Carta do Haiti
Dom Demétrio Valentini
Em nome da CNBB e da Cáritas, esta é a semana da visita ao Haiti. Para conferir de perto a situação, e ver melhor como dar continuidade à campanha em favor das vítimas do fatídico terremoto do dia 12 de janeiro.
Quando a viagem é importante, não se espera o regresso. Manda-se uma carta. É o que estou fazendo, na tentativa de transmitir ao menos algumas impressões, para depois com mais calma partilhar propostas concretas de cooperação com o povo haitiano.
Quando o avião estava sobrevoando Port au Prince, já dava para constatar a cidade arrasada. Certos quarteirões pareciam um amontoado de destroços, não um conjunto de casas. O Haiti ainda convive com os escombros. Não foram removidos. E convenhamos que não é fácil removê-los. Se anos depois da guerra, na Europa, ainda dava para ver algumas consequências da destruição, por que se imaginaria que o pobre Haiti fosse capaz de varrer da cidade e da memória os vestígios do terremoto? Por muitos anos, com certeza, o Haiti vai viver sob o espectro desta tragédia.
Do alto dava para ver, o que depois conferíamos de perto. Os espaços vazios, como praças ou campos de esporte, foram todos ocupados por milhares de tendas, para abrigar os que perderam suas casas, ou não tem a coragem de se abrigar debaixo de estruturas completamente comprometidas.
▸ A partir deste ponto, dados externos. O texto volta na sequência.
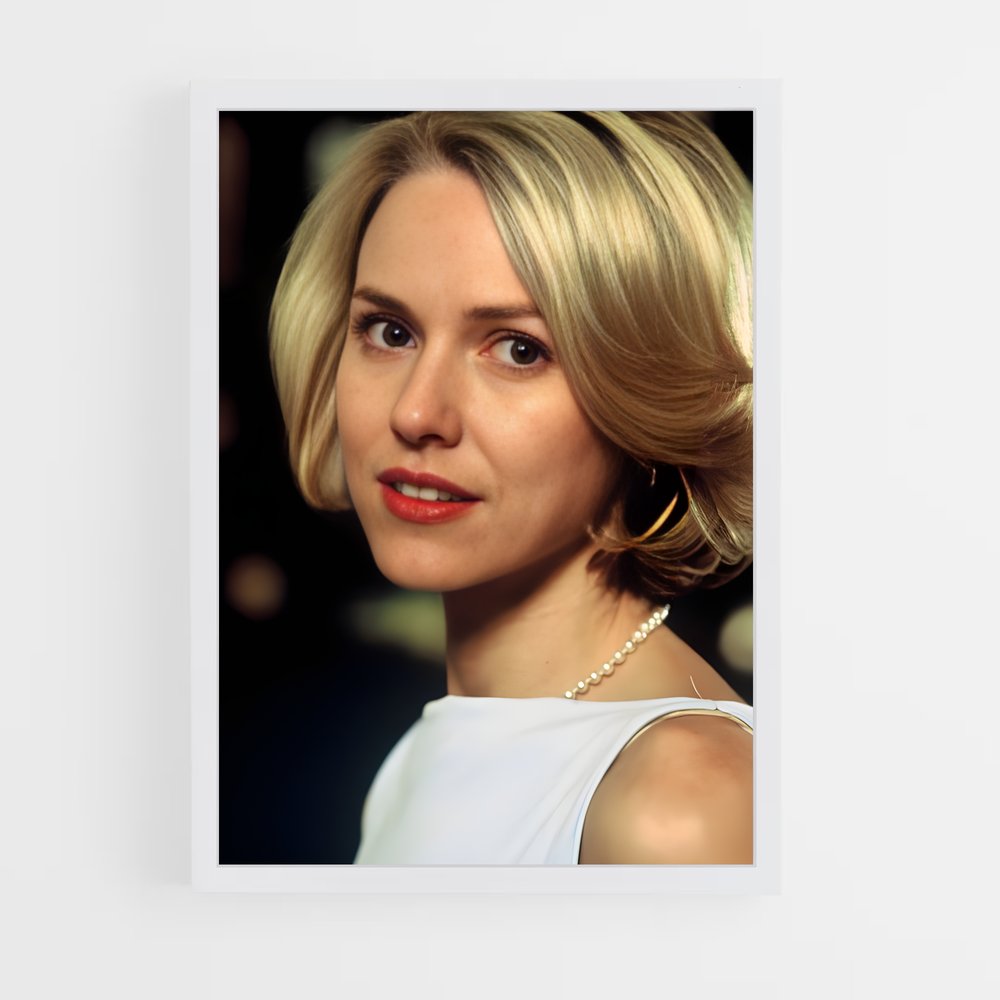 ap-naomi watts-8 cadre Blanc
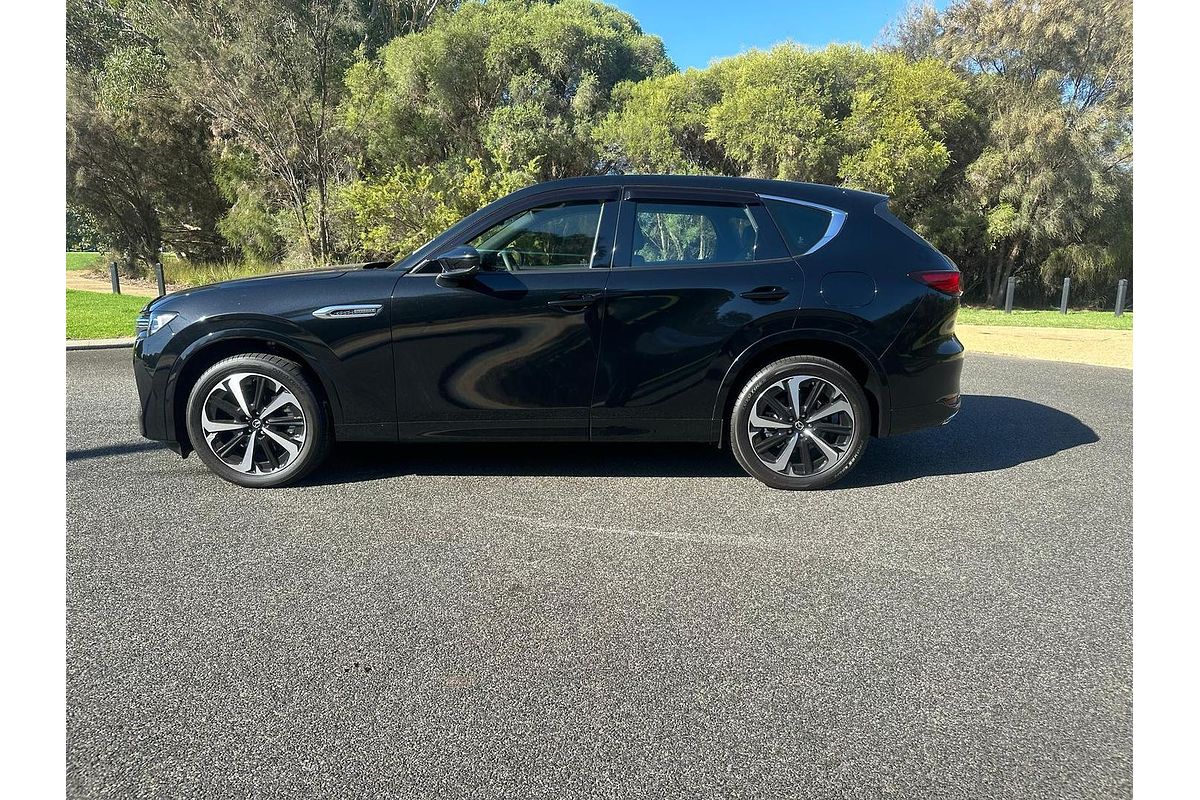 2024 Mazda CX-60 G40e Azami KH Series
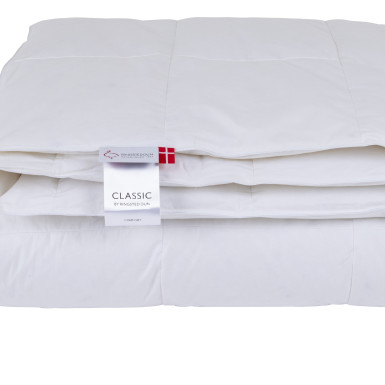 Ringsted Dun Classic Comfort helårsdyne 200x220 cm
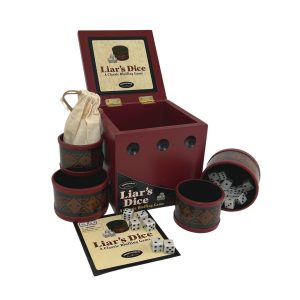 University Games Liar'S Dice Game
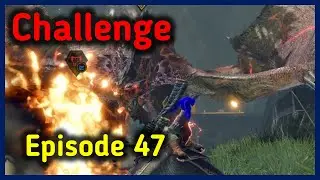 MHR Challenge Episode 47 - Apex Rathalos - Rampage - HR Hub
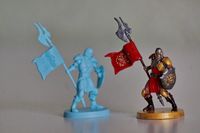 4753239 Sword & Sorcery: Espansione Eroe - Tristan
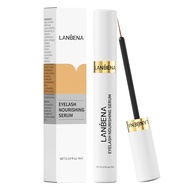 LANBENA Eyelash Serum, Eyelash Growth Lash Serum, Lash Serum for Eyelash Growth, Eyebrow Growth Seru
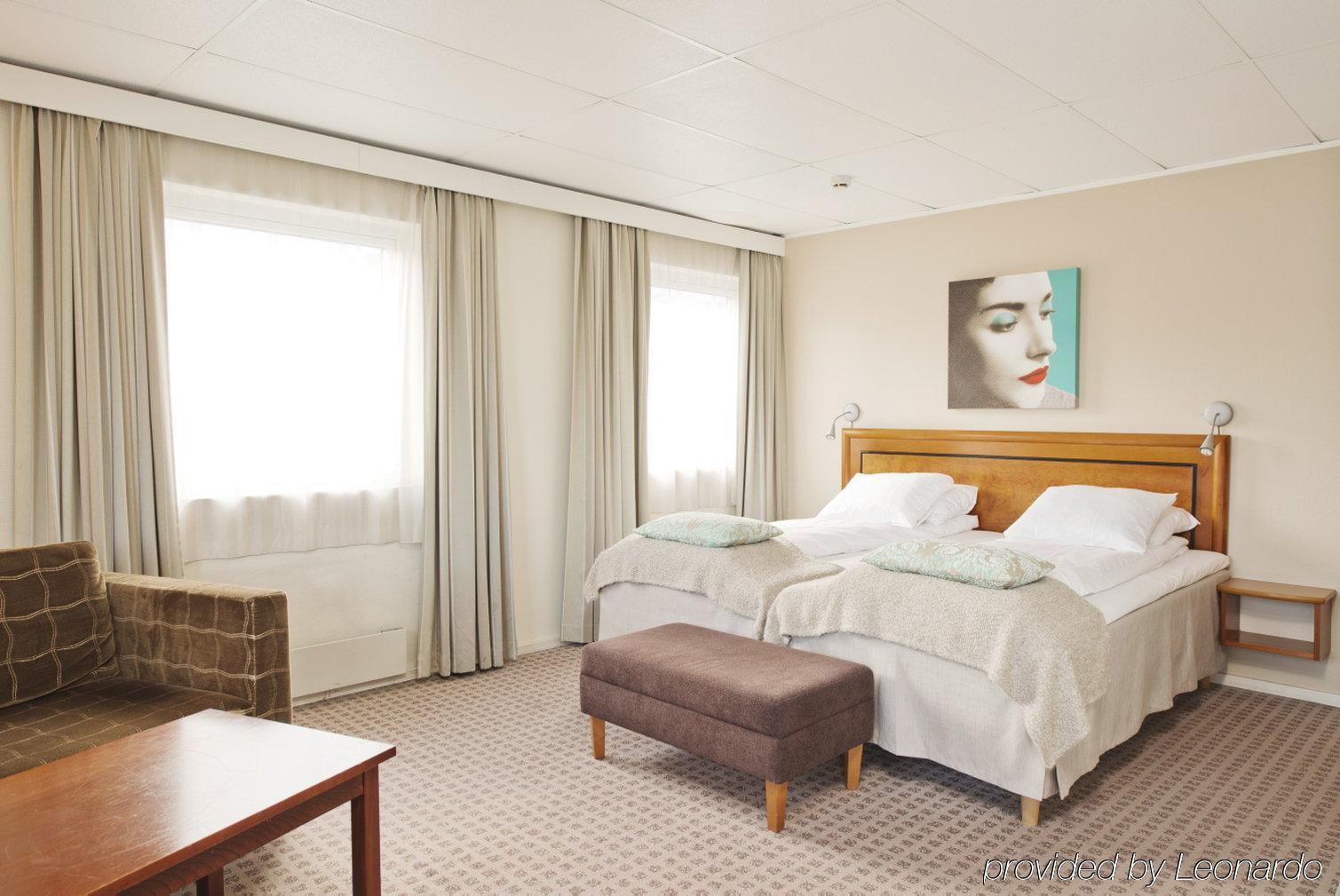 Thon Hotel Terminus Oslo Eksteriør billede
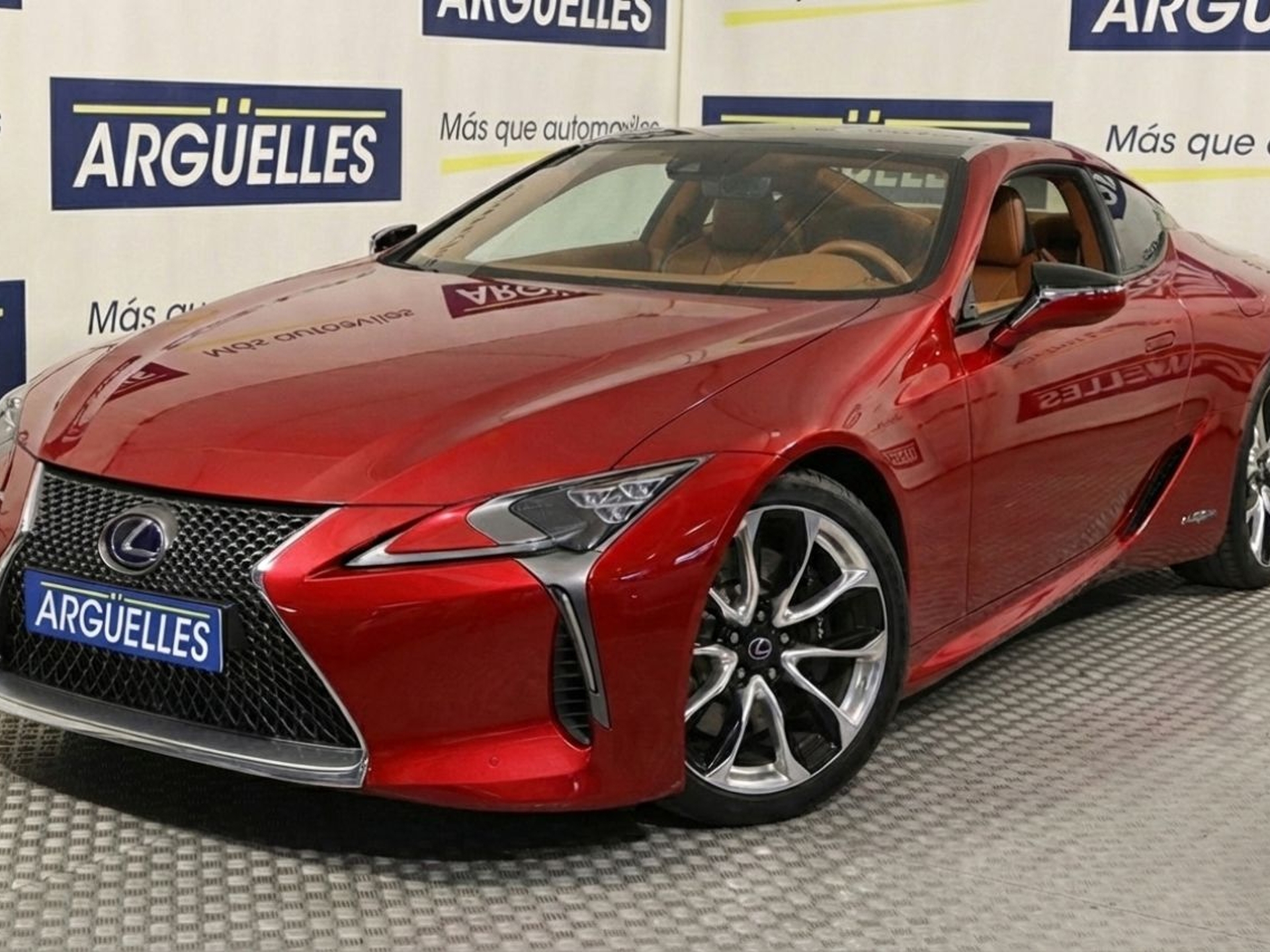 Imagen de LEXUS LC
Durante o dia, o povo se apinha nas ruas, muitos zanzando atônitos, todos buscando sobreviver, através de toscas mercadorias que procuram vender, ou no aguardo de alguma ajuda que possam receber.
Ao ver de perto esta realidade, voltava com frequência a pergunta intrigante que teimava a se interpor diante da dura realidade deste povo que já era pobre e foi atingido duramente por esta catástrofe. Afinal, neste Caribe que leva a fama de exuberante e encantador, por que alguns países foram adotados pelo progresso, e outros ficaram relegados ao subdesenvolvimento? Sejam quais forem as razões que se alegue, o Haiti ainda paga caro por ter madrugado na sua independência, e ter sido ousado na abolição da escravidão já no início do século dezenove.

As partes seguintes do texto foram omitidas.